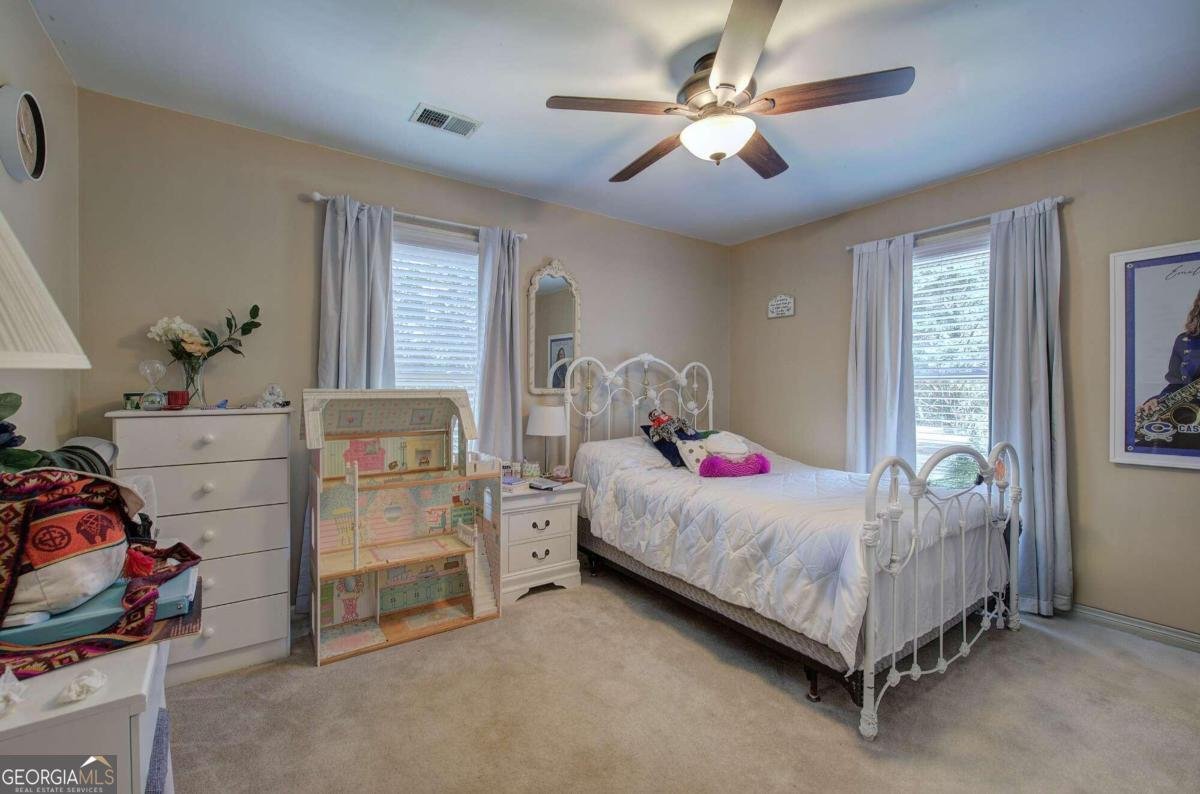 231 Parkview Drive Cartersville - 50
...
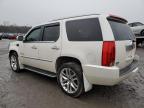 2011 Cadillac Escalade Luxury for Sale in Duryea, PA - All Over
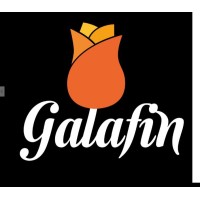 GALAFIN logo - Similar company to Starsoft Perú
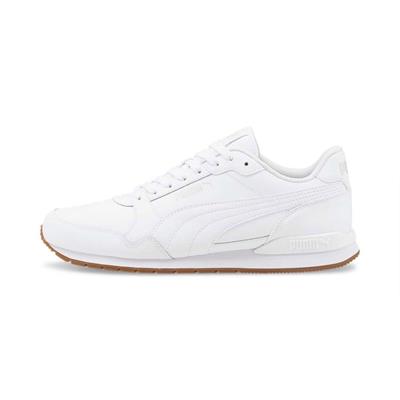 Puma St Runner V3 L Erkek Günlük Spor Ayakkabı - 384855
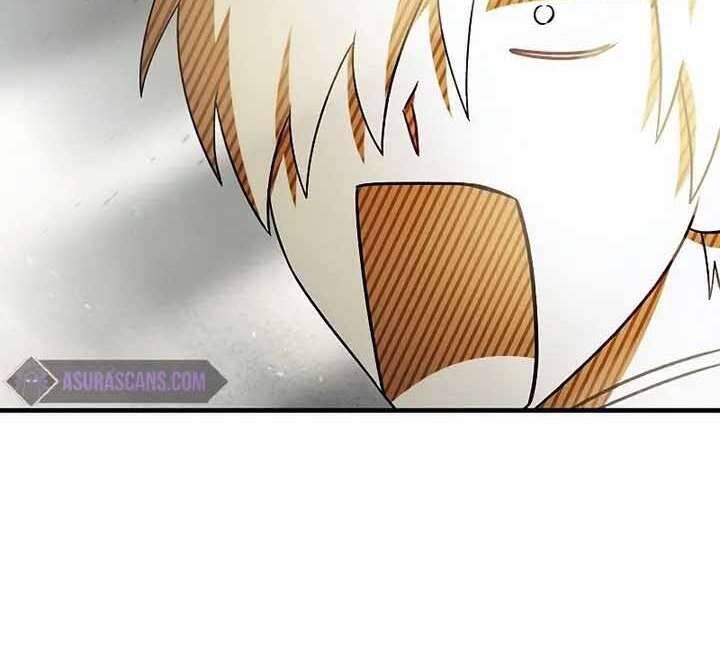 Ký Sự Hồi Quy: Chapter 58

◆ EXERCISE OBJECTIVE ◆
Look above for the line with "2011 Cadillac Escalade" and the line with "Ký Sự Hồi Quy: Chapter 58". Give again exactly those two lines and all lines between them, pictures excluded.

◆ EXERCISE SOLUTION ◆
 2011 Cadillac Escalade Luxury for Sale in Duryea, PA - All Over
 GALAFIN logo - Similar company to Starsoft Perú
 Puma St Runner V3 L Erkek Günlük Spor Ayakkabı - 384855
 Ký Sự Hồi Quy: Chapter 58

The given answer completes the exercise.